Sementara sang adik, kemampuan akademiknya tidak begitu moncer, sedang-sedang saja. Kesukaannya bermain, baik dengan teman-temannnya maupun bermain sendiri dengan koleksi mobil hot wheelnya.
Dia tidak cakap menghafal, terutama hafalan yang panjang-panjang. Sang adik lebih memiliki bakat kreativitas. Saking kreatifnya, dari beberapa hasil ulangan/ujian yang sudah dibagikan, dia menjawab pertanyaan yang tidak diketahuinya dengan jawaban-jawaban kreatif, yang membuat saya dan istri sampai tertawa saat membacanya.

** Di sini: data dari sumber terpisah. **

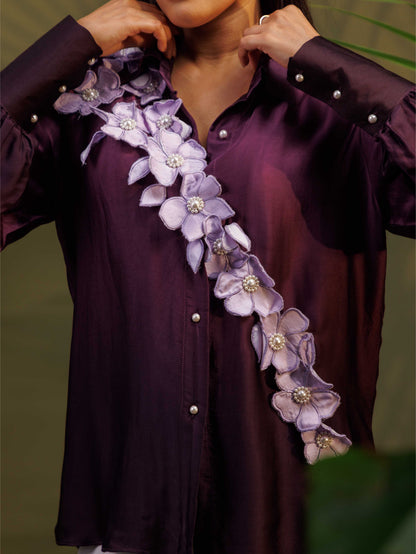 Wine Floral Embellished Shirt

Di luar kelemahan akademiknya, sang adik mempunyai satu keistimewaan yang membuat saya bangga. Dia selalu pergi ke masjid, setiap kali adzan berkumandang. Tak peduli sesibuk/sesenang apapun dia bermain, setiap ada adzan dhuhur, ashar, maghrib dan isya', dia bergegas ke masjid. Untuk sholat subuh dia memang belum bisa disiplin. Hingga semua jamaah tetap masjid di kampung mengenalnya, dan merasa kehilangan setiap kali sang adik absen salat berjamaah di masjid. Kebiasaannya itu akhirnya menular pada beberapa teman bermainnya.
Setiap orang tua memang berharap anak-anak mereka tumbuh sempurna dengan berbagai prestasi yang diinginkan. Tapi, percayalah, tak ada anak yang sempurna sebagaimana kita orangtua juga tidak sempurna dalam hal mendidik anak.
Itu sebabnya, jangan pernah sekali-kali membandingkan anak-anak kita dengan saudaranya sendiri, apalagi dengan anak-anak orang lain. Baik dalam hal prestasi akademik, maupun bakat serta kemampuan dan keistimewaan lainnya.
Hargai semua yang ada pada anak kita, sekecil apapun.